12. From the copy of Certificate of Official Search dated 28th July 2022 which the Appellant produced, it is manifest that the Respondent became the registered proprietor on 12th March 2014 and title deed was issued to him on 17th March 2014. Since the Appellant was challenging the Respondent’s proprietorship, he must have been aware of the rights of a registered proprietor of land, which are well spelt out by the law. Such a proprietor is entitled to the rights, privileges, and benefits under Section 24 of the Land Registration Act. Additionally, Section 26 of the Act obligates the courts to accept the proprietor’s certificate of title as conclusive evidence of proprietorship, unless the provisos under Section 26 (1) (a) or (b) are established. The grounds on which a title can be nullified are fraud or misrepresentation to which the registered proprietor is proved to be a party or where it is shown that the certificate of title has been acquired illegally, un-procedurally or through a corrupt scheme.

13. A perusal of the Plaint shows that the Appellant did not seek nullification of the Respondent’s title. He was content to cite fraud and, on that basis, to seek eviction of the Respondent from the suit property and a permanent injunction restraining the Respondent together with his servants and agents from having any dealings touching on the suit property.

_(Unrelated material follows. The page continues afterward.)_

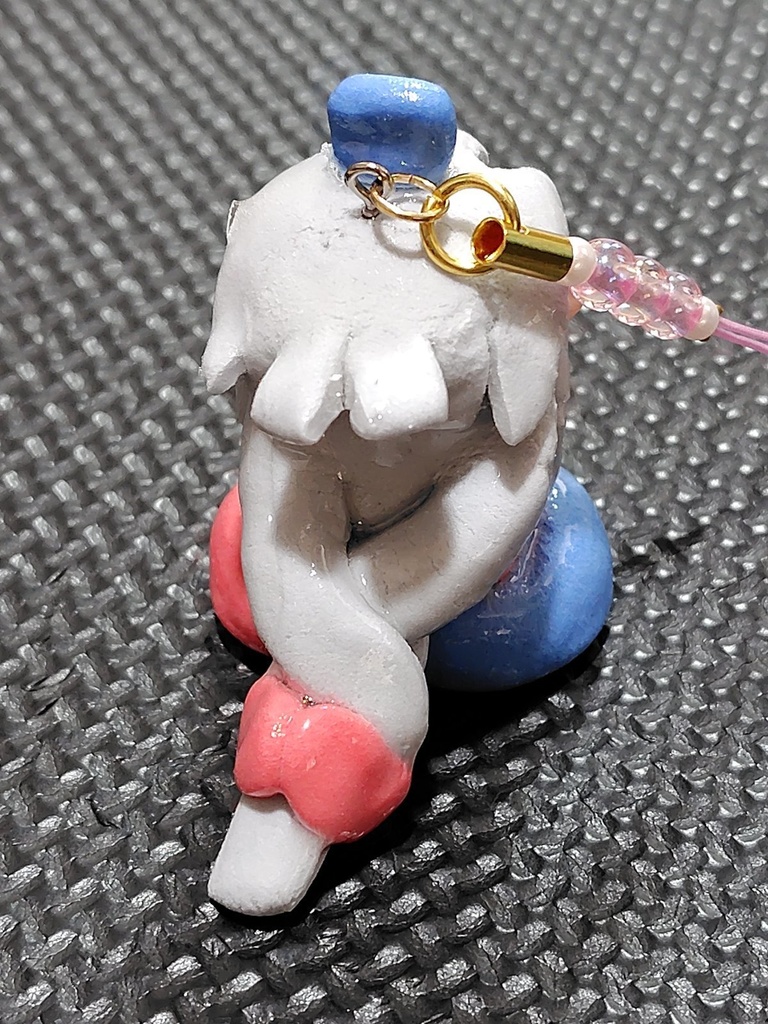 東方project えーりん 永琳 紙粘土フィギュア ハンドメイド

14. The Appellant chose to challenge the Respondent’s title on allegations of fraud. As the courts have consistently stated, fraud is a serious allegation and the party alleging it must plead it, particularise it, and strictly prove it to standard higher than the usual one in civil cases of proof on a balance of probabilities but lower than the criminal law standard of proof beyond reasonable doubt. See Kuria Kiarie & 2 others v Sammy Magera [2018] eKLR and John Mbogua Getao v Simon Parkoyiet Mokare & 4 others [2017] eKLR. In cases where fraud is alleged, it is not enough to simply infer fraud from the facts. See Kinyanjui Kamau v George Kamau Njoroge [2015] eKLR.

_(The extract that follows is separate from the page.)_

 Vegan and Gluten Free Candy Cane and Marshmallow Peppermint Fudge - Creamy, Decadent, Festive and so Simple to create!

15. The Appellant has faulted the Learned Magistrate for holding that he ought to have produced the green card. The Learned Magistrate rendered herself on the issue thus:(12)In the instant case, it is curious why the plaintiff alleges fraud on the part of the defendant yet LR NO. KISA/MUNDEKU/1757 is registered in the names of the defendant and he (the plaintiff) has failed to tender evidence to this court to show that the original title was registered in his name. It would have ben (sic) prudent if the plaintiff produces (sic) the green card to show the history of the land and at what point the defendant curved out a portion of his title No. KISA/MUNDEKU/1757 from the plaintiffs original title No. KISA/MUNDEKU/801 and at what point the same became registered in the defendant’s name.(13)In the absence of the green card that proves that LR. NO. KISA/MUNDEKU/1757 was carved out from the plaintiffs original title No. KISA/ MUNDEKU/801, it is my finding that the plaintiff has not been able to prove his case on a balance of probabilities.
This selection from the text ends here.